WHAT TO WORK ON: When writing out the listing below, reproduce every word exactly and skip the pictures.

RECORDED DATA:
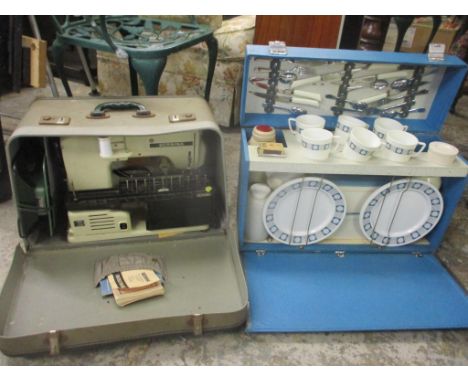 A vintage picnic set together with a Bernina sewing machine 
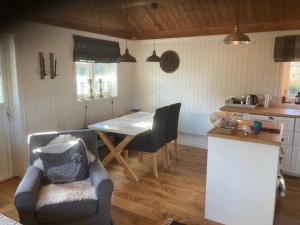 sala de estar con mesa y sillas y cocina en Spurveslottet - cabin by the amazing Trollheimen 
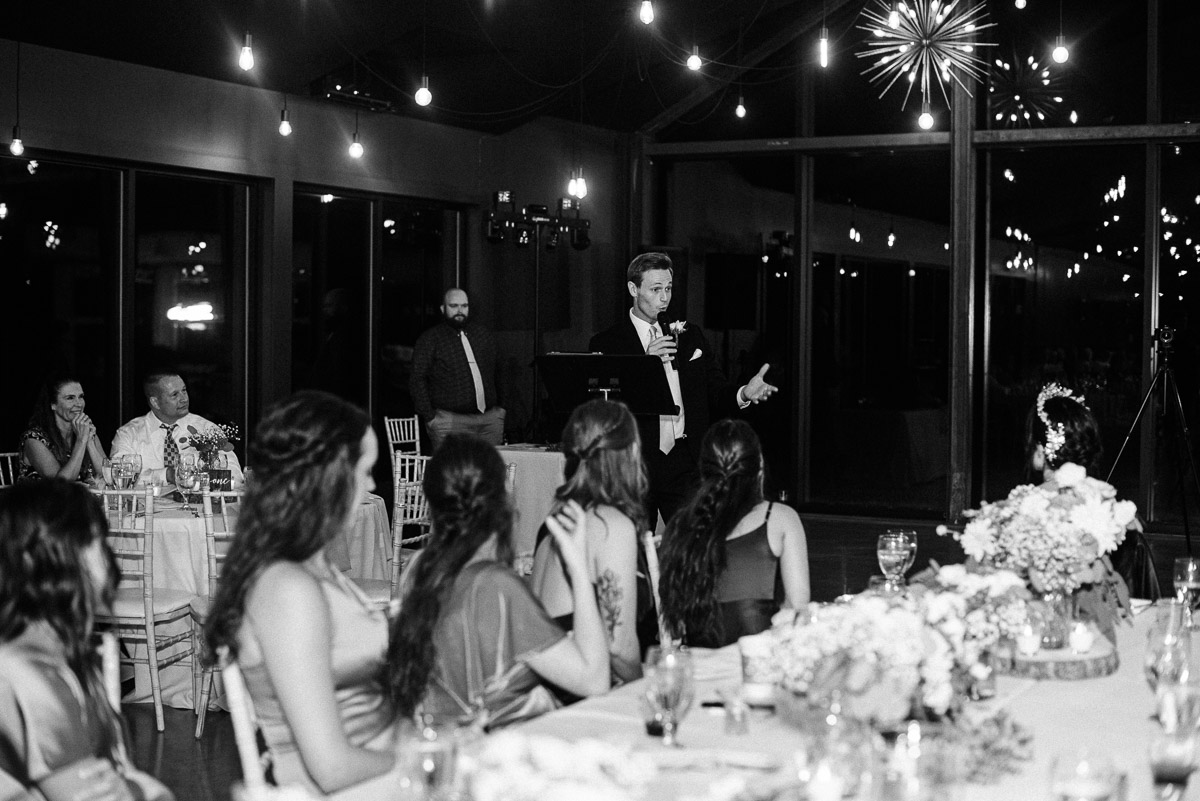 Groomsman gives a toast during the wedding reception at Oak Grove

TASK ANSWER:
 A vintage picnic set together with a Bernina sewing machine 
 sala de estar con mesa y sillas y cocina en Spurveslottet - cabin by the amazing Trollheimen 
 Groomsman gives a toast during the wedding reception at Oak Grove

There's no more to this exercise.